1. デフォルト値を信じるな: NginxやEnvoyのデフォルト設定は「利便性」のために緩めに設定されています。商用環境では必ず「最も厳しい設定」から始め、必要に応じて緩和してください。
2. CDNの活用: 自前でプロトコルスタックを堅牢にするのが難しいなら、CloudflareやFastlyのような、最新のプロトコル攻撃に対するシグネチャを常時更新しているCDNの背後に隠れるのが、最も費用対効果の高い戦略です。

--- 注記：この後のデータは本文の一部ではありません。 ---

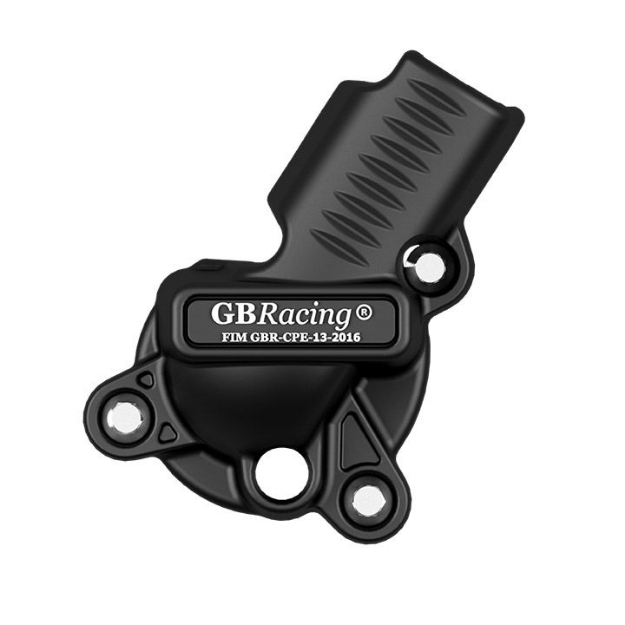 Afbeeldingen van GB-Racing waterpomp cover KTM 790 / 890 Duke
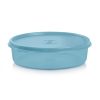 astral tupperware 410 ml.-DeFiestaEnCasa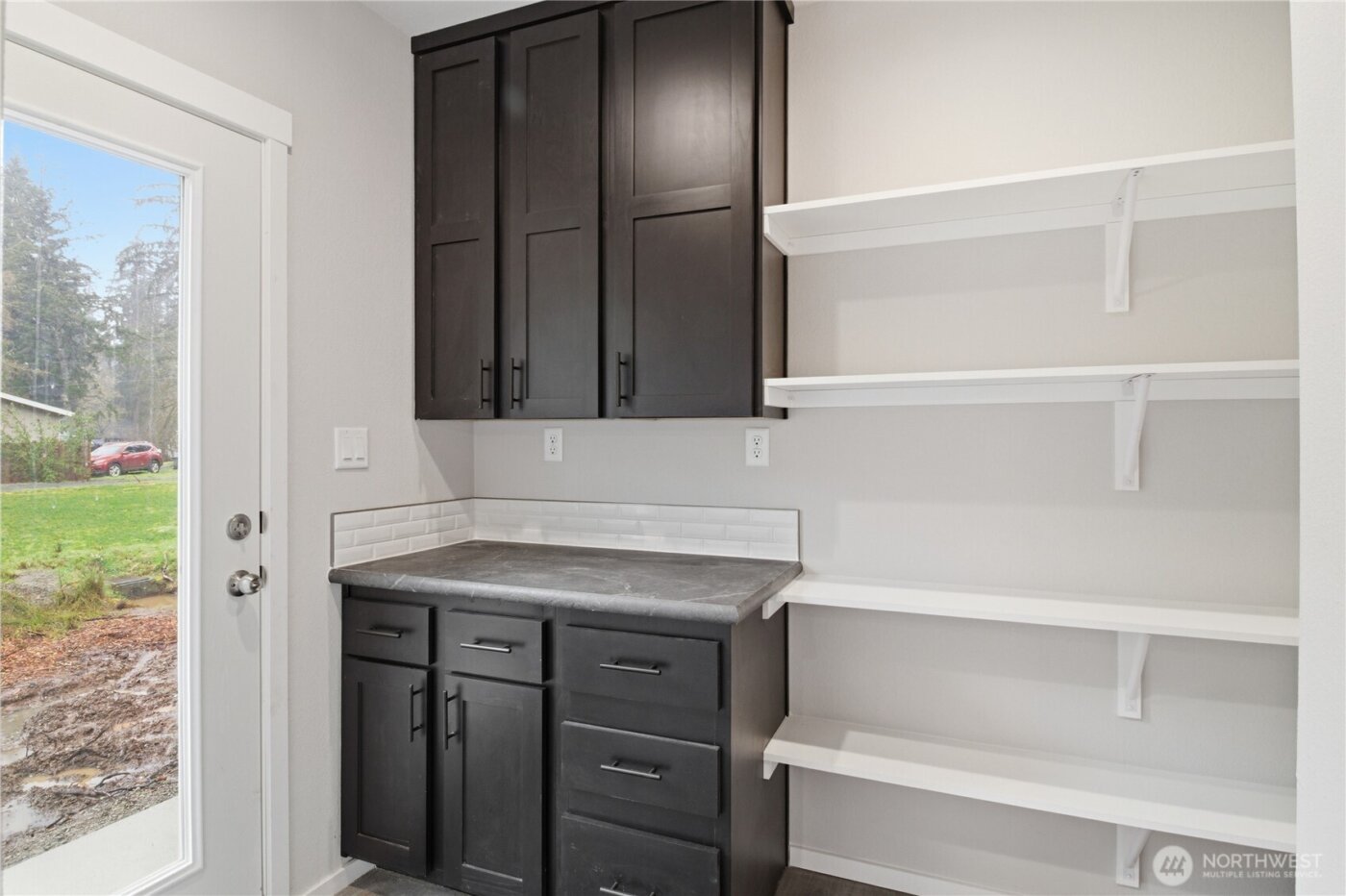 281 E McLane Drive , Shelton, WA 98584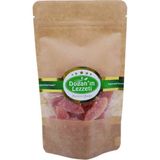 Doğan'ın Lezzeti Papaya Kurusu 250 G - 250 gr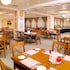 landmark hotel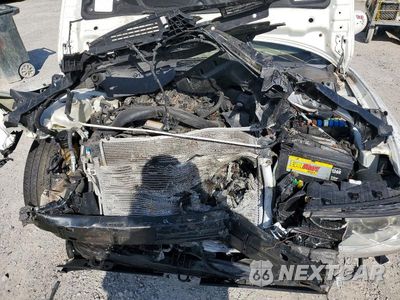Zdjęcie 11 z 12 samochodu: 2011 HYUNDAI AZERA GLS VIN:KMHFC4DD0BA539586 - miniatura
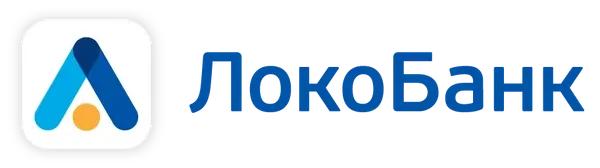 Локо-Банк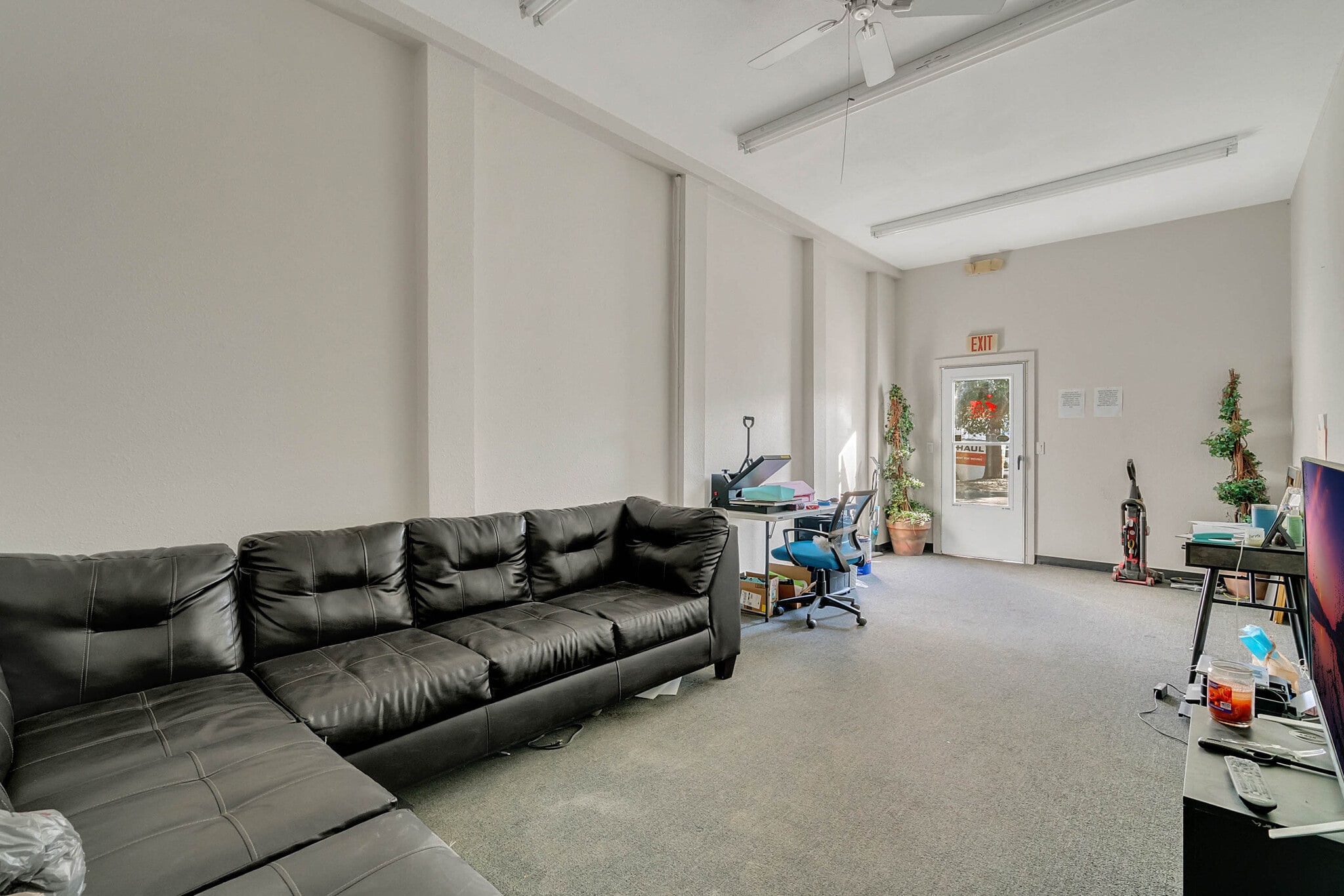 3052 Shader Rd, Orlando, FL for lease Interior Photo- Image 1 of 5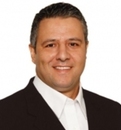 Haval Abbas Real Estate Agent at Realty Austin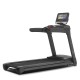 Toorx Fitness TRX-2500 Loopband met 15,6" TFT HD Scherm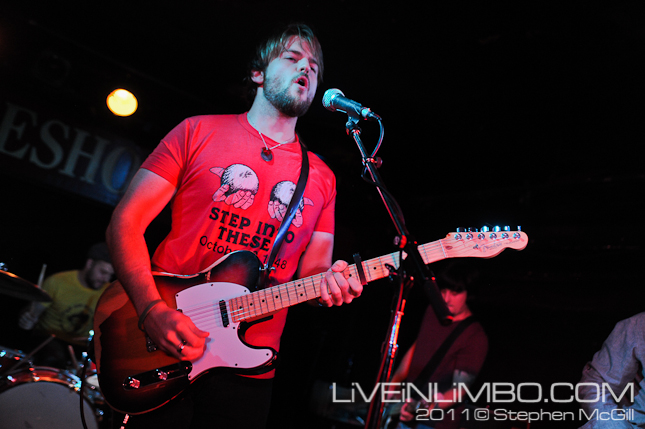 poor young things photos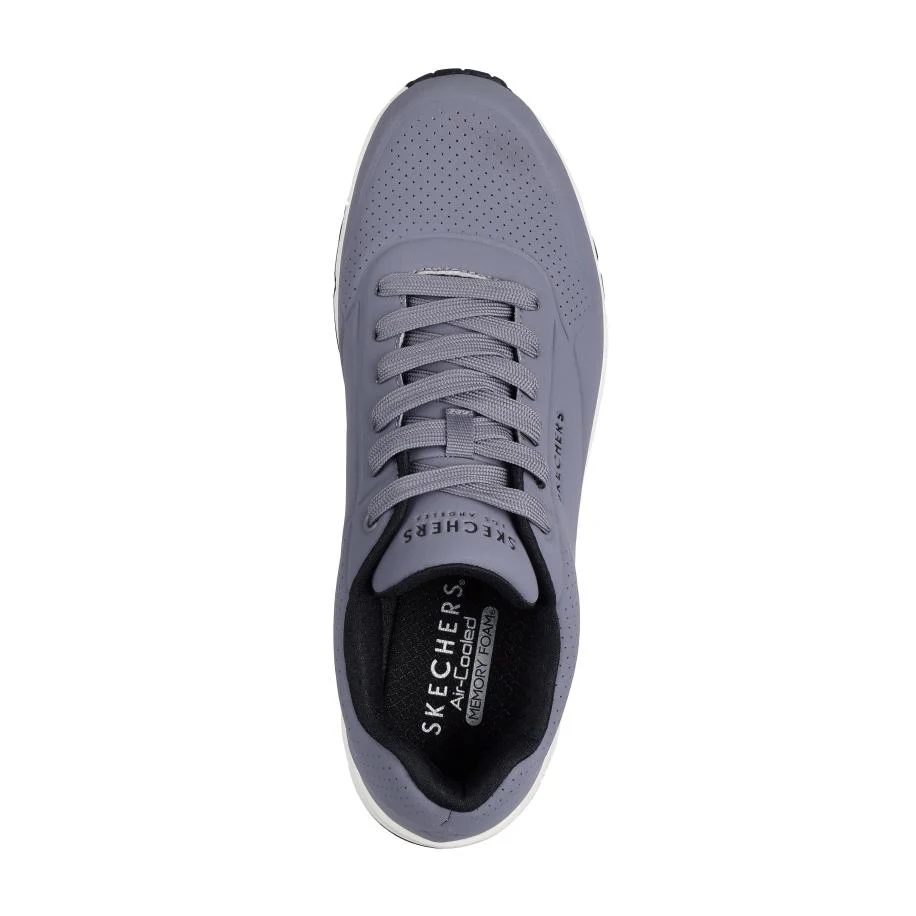 SKECHERS Baskets – Image 3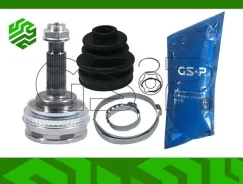 ���� �������� GSP 859019 ��������, �����/������ 859019 ����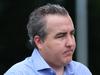 Welfare concerns for Labor MP after police called to home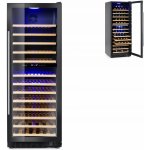 Hendi 237564 – Hledejceny.cz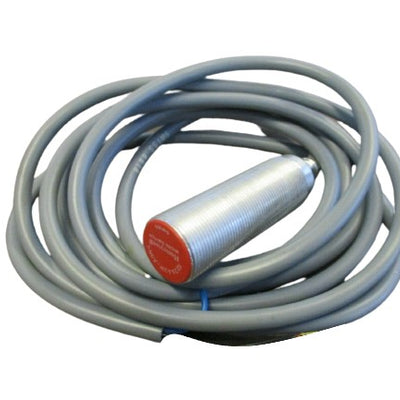922AA3W-A9N-L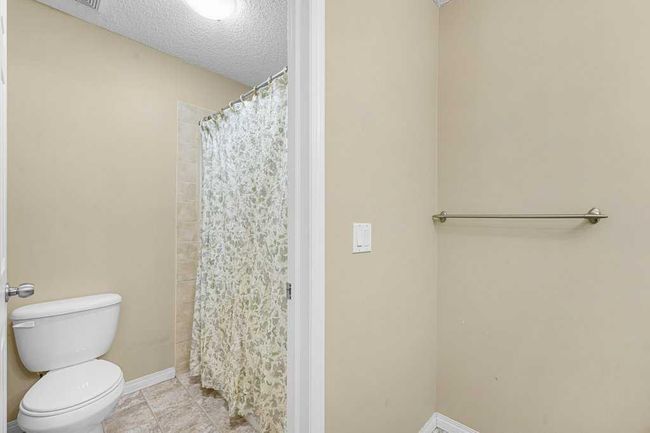 193 Luxstone Way Sw, Home with 3 bedrooms, 3 bathrooms and 2 parking in Airdrie AB | Image 29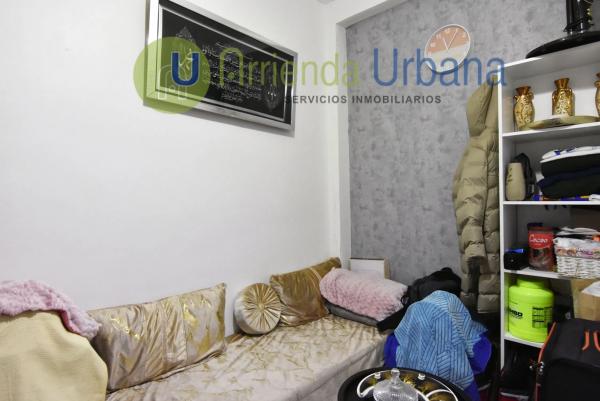 Piso en calle Nieves Piñol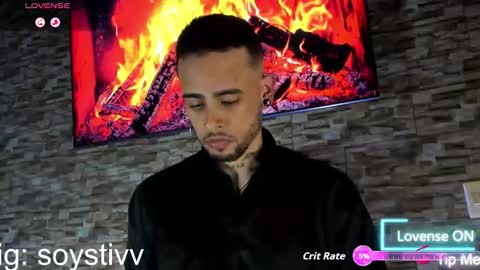 seth_0wner online show from 12-03-25, 02:19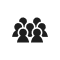 SEO for Immigration Lawyer supporting visual 6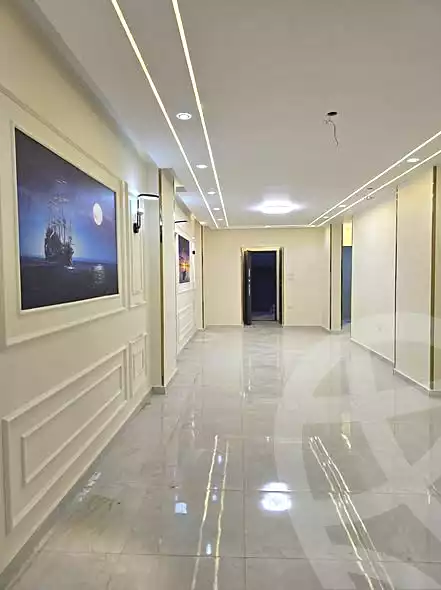 https://aqarmap.com.eg/en/listing/6779089-for-sale-cairo-el-haram-el-lebeny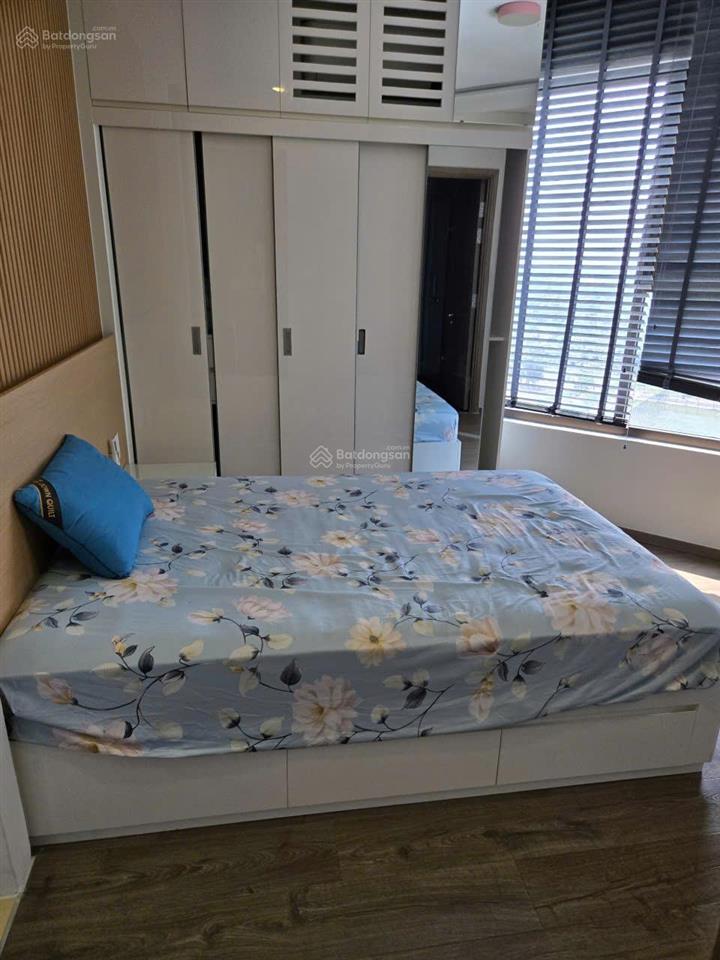 Bán chung cư sora gardens 2, 79m2, 2pn, 2wc. giá bán 3,5 tỷ vnd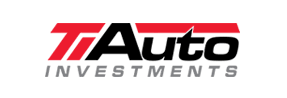 TiAuto Investments Pty Ltd Recruitment 2023/2024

3. 可視化の徹底: Prometheus等で、HTTP/2の接続数やヘッダーサイズの分布を監視してください。異常なサイズのヘッダーが飛んできていないか、グラフが一瞬でも跳ねていないかを確認するだけで、攻撃の予兆を掴めます。
エンジニアの皆さん、プロトコル層のセキュリティは地味ですが、ここを固めることは「システムの心臓部を守ること」と同義です。今日紹介した設定、今すぐ確認してみてください。それが、あなたのシステムを明日救うかもしれません。